Hi Benson,
As I read the papers, the K in Kmeans is the single input parameter
(other than DistanceMeasure) that must be specified. For an arbitrary K,
one can initialize the clusters by sampling K random points from the
input dataset. The iterations themselves then assign each point to its
closest cluster and the cluster centroid is then adjusted for the next
iteration. For KMeans, it would certainly be possible to have a version
in which the initial clusters were constructed by K random samples from
the input data set.
In the SyntheticControl example, I see that somebody has commented out
the OutputDriver.runJob() line which mapped each point to its closest
cluster in a manner similar to the second pass in Canopy.
In a Canopy+KMeans job, specifying the number of clusters is done
indirectly by the Canopy step using the given T1 and T2 values. Then,
the KMeansDriver iterates over them until a convergence value is
reached. It is possible in this process for one or more of the initial
clusters to become empty but the current algorithm does not attempt to
fix this.
I don't know how one could specify the number of Canopies as an input
parameter and get it to work given the algorithm. I've always tweaked
the T1 and T2 values until something reasonable came out the other end.

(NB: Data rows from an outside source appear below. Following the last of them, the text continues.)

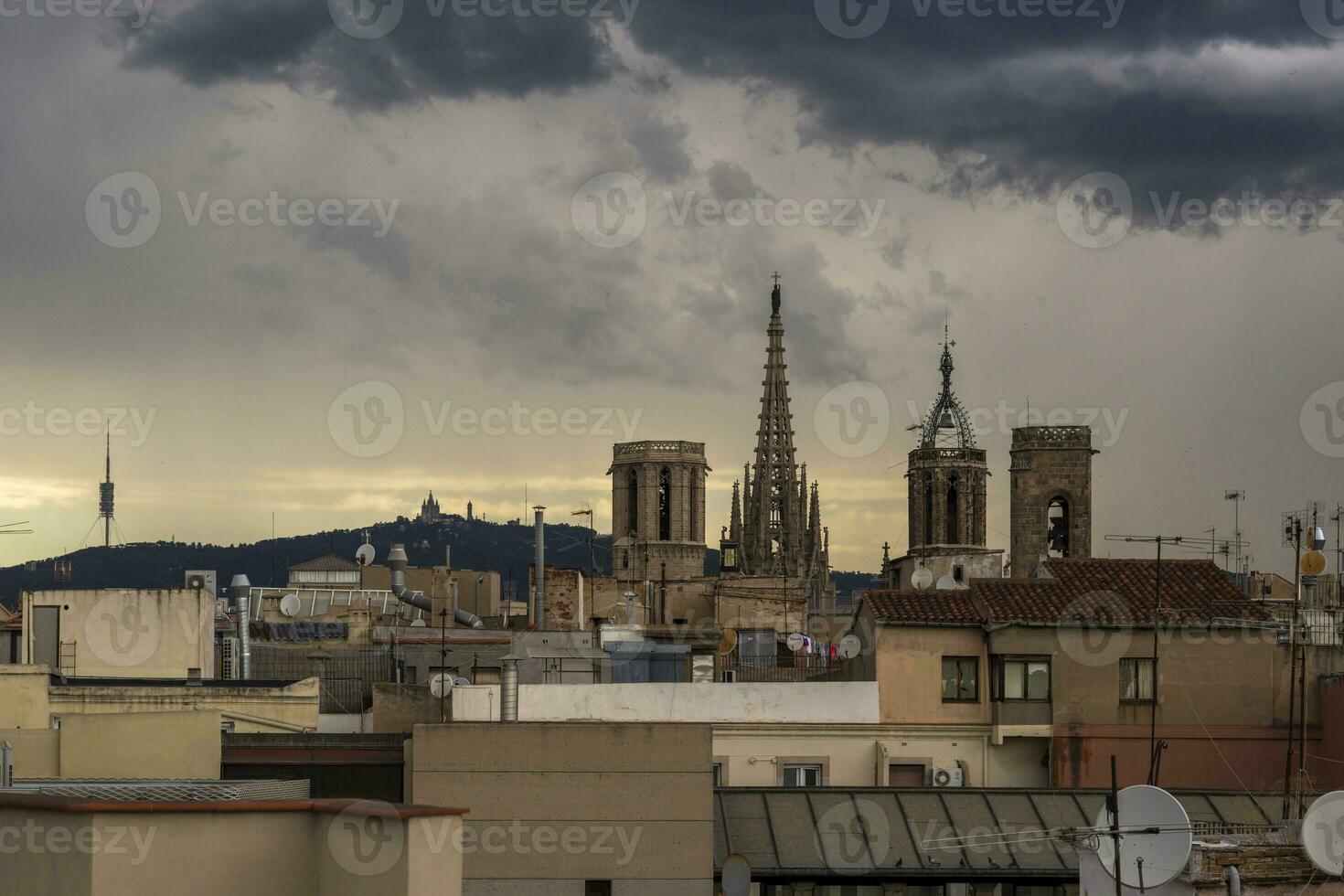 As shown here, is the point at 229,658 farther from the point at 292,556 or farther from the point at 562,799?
the point at 292,556

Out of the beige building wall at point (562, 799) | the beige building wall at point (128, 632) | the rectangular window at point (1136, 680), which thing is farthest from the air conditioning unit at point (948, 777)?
the beige building wall at point (128, 632)

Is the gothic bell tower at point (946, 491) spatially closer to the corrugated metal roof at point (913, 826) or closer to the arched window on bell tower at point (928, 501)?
the arched window on bell tower at point (928, 501)

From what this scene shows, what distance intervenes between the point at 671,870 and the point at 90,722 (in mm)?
7435

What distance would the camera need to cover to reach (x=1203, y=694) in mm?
38406

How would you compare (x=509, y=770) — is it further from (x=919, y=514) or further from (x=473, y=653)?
(x=919, y=514)

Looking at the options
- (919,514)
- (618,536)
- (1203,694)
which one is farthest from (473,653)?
(618,536)

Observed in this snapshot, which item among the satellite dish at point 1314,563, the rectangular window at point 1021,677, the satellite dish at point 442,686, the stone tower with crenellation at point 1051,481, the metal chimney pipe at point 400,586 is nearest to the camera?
the satellite dish at point 442,686

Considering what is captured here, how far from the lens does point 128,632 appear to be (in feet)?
143

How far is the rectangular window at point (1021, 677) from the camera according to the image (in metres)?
37.6

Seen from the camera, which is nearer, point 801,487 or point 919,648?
point 919,648

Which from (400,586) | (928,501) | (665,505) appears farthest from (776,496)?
(400,586)

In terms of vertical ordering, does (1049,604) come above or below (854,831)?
above

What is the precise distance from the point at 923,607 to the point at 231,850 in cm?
2251

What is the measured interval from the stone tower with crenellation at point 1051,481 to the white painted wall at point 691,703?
144 feet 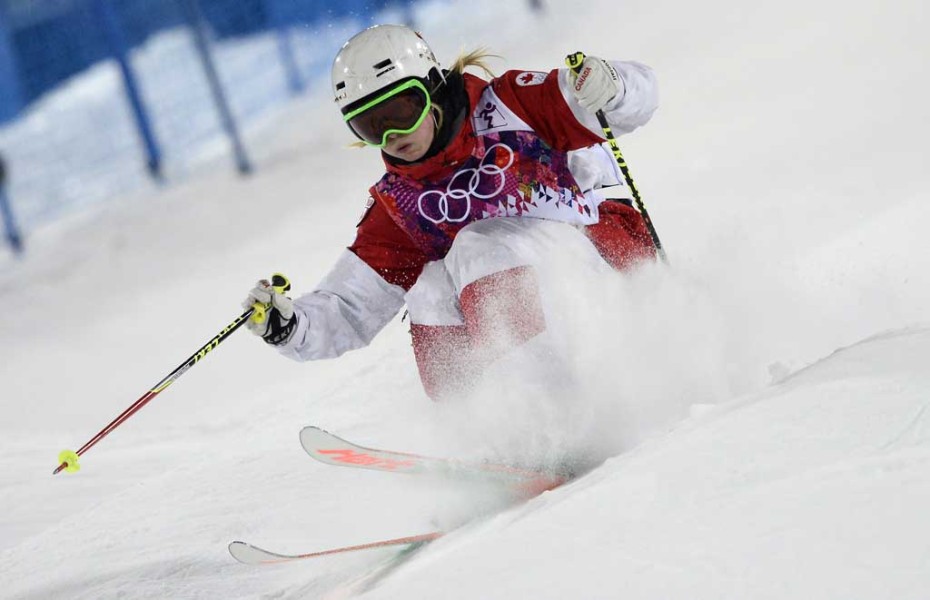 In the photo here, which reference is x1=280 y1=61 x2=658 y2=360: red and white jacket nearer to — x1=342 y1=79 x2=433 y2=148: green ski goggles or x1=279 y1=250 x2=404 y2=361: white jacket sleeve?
x1=279 y1=250 x2=404 y2=361: white jacket sleeve

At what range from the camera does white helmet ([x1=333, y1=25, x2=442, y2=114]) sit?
3000 millimetres

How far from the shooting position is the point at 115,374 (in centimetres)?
681

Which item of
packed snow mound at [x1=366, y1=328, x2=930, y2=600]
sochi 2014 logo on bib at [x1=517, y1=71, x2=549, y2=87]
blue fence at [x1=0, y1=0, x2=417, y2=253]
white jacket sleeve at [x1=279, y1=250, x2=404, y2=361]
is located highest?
blue fence at [x1=0, y1=0, x2=417, y2=253]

There are, apparently, crossvalidation techniques for estimating these
values but I'm not familiar with them. Another new trick I guess...
Jeff
PS: Looking at the Canopy reference implementation again, since every
iteration over the points in the while loop removes one point from
points to locate a new canopy and then all other points that are within
T2, the worst that can happen would be one canopy for every input point
for any value of T2.
Benson Margulies wrote:
> As I read the Kmeans algorithm and the Canopy paper, I'd expect a
> Canopy+KMeans job to still accept an input parameter of 'k' even if Canopy
> is on the front. To quote McCallum,
>
> One can also use the canopies idea to speed up prototype based
> clustering methods like Kmeans and Expectation
> Maximization (EM). In general, neither Kmeans nor EM
> specify how many clusters to use. The canopies technique
> does not help this choice.
>
> This is, if an issue with anything, an issue with the syntheticcontrol
> sample. The sample has me stumped. I don't see where the code is turns the
> canopies to a set of prototypes that satisfy the requirement that each point
> is in only one prototype.
>
>